Policy

Unemployment Rate Drops, But Fewer People are Working

|


Newly gainfully employed as I am, I admit to feeling a little warmer and fuzzier about the economy than I did not so long ago. That shiny, new 8.2 percent unemployment rate people are pointing to with a tentative sigh of relief? Yeah, that's me. (Hi, mom!) But even as news stories note a bit of a dark cloud to that silver lining in the form of fewer-than-expected new jobs—even leading their coverage with that datum—there's still more reason to take that dipping unemployment rate with a grain of salt. That's because, even as jobless numbers have dipped, so have the ranks of people who actually have jobs.

In February 2012, or so says the Bureau of Labor Statistics, the labor participation rate was 63.9 percent. In March, it dropped to 63.8 percent. That's down from 64.2 percent in March of 2011. And, if you're not participating, you don't get counted—whether or not you have a job. So, despite an unemployment rate nominally moving in an encouraging direction, 31,000 fewer people were drawing paychecks last month than the month before.
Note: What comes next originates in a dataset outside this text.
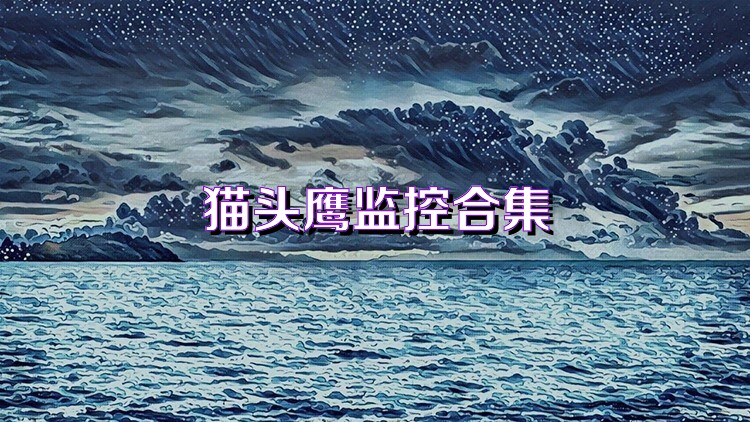 猫头鹰监控合集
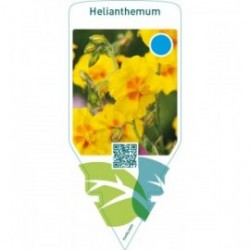 Helianthemum  yellow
In fact, the labor participation rate has been consistently spiraling down for several years now, and there really isn't a soft landing for numbers of this sort.

Cruddy labor numbers aren't an Obama-specific problem—the participation rate has been dropping for over a decade, ever since the halcyon days of the dot-com bubble.

But then, we already knew that the lousy economy was a success of bipartisan cooperation. It takes a lot of cross-aisle hand-shaking to drive the national debt from simply disturbing levels to Greek-style over-achievement in the course of a decade. Why wouldn't that sort of talent work equal magic with the labor market?